Reputation: 100
I'm trying to download some files from behind a SSO (Single Sign-On) site. It seems to be SAML authenticated, that's where I'm stuck. Once authenticated I'll be able to perform API requests that return JSON, so no need to interpret/scrape.
Not really sure how to deal with that in mechanicalsoup (and relatively unfamiliar with web-programming in general), help would be much appreciated.
Here's what I've got so far:
import mechanicalsoup
from getpass import getpass
import json
login_url = ...
br = mechanicalsoup.StatefulBrowser()
response = br.open(login_url)
if verbose: print(response)
# provide the username + password
br.select_form('form[id="loginForm"]')
print(br.get_current_form().print_summary()) # Just to see what's there.
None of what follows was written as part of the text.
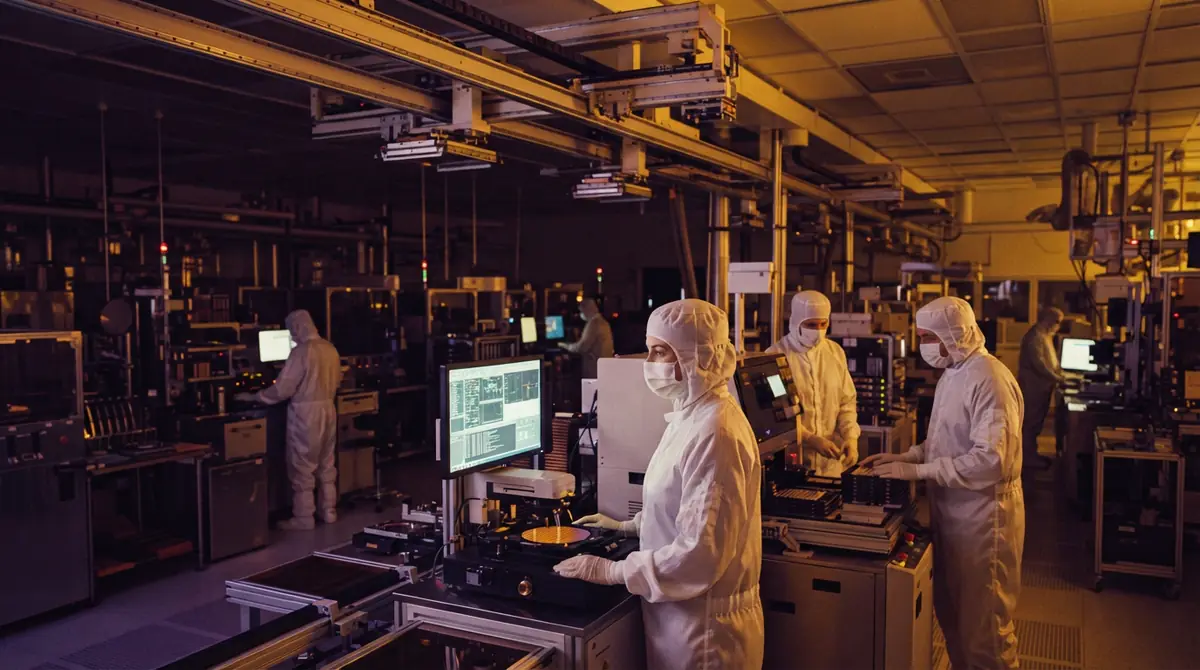 Illustration of a semiconductor manufacturing cleanroom with technicians examining silicon wafers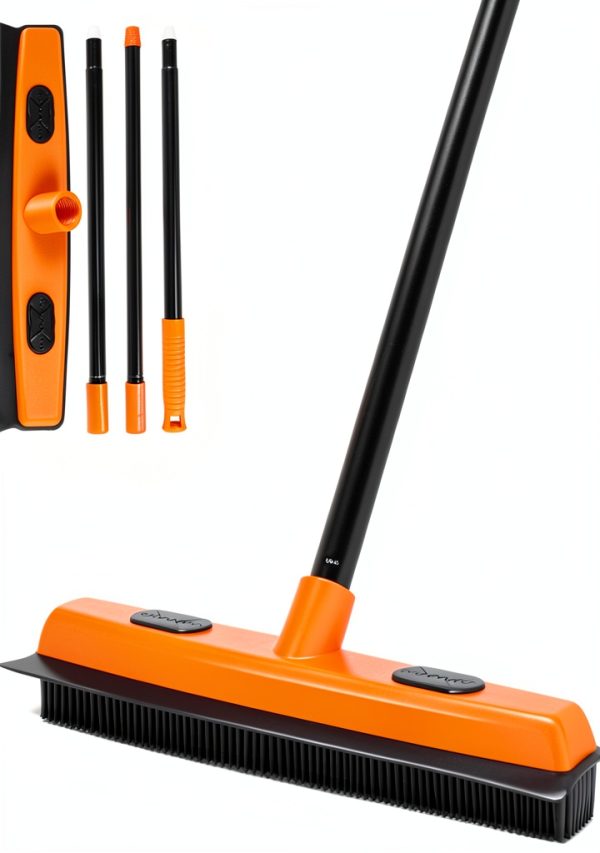 Rubber Broom and Carpet Rake for Pet Hair Removal, 49 Inch Three Section Stainless Steel Pole, Hair Removal Tool, Pet Broom and Rubber Putty, Suitable for Blankets, Hardwood Floors, Ceramic Tiles-0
br['UserName'] = input('Email: ')
br['Password'] = getpass()
response = br.submit_selected().text
if verbose: print(response)
At this point I get a page telling me javascript is disabled and that I must click submit to continue. So I do:
br.select_form()
response = br.submit_selected().text
if verbose: print(response)
That's where I get a complaint about state information being lost.
Output:
<h2>State information lost</h2>
State information lost, and no way to restart the request<h3>Suggestions for resolving this problem:</h3><ul><li>Go back to the previous page and try again.</li><li>Close the web browser, and try again.</li></ul><h3>This error may be caused by:</h3><ul><li>Using the back and forward buttons in the web browser.</li><li>Opened the web browser with tabs saved from the previous session.</li><li>Cookies may be disabled in the web browser.</li></ul>
The only hits I've found on scraping behind SAML logins are all going with a selenium approach (and sometimes dropping down to requests).
Is this possible with mechanicalsoup?
Upvotes: 0
Views: 361
Reputation: 100
My situation turned out to require Javascript for login. My original question about getting into SAML auth was not the true environment. So this question has not truly been answered.
Thanks to @Daniel Hemberger for helping me figure that out in the comments.
In this situation MechanicalSoup is not the correct tool (due to Javascript) and I ended up using selenium to get through authenication then using requests.
Upvotes: 0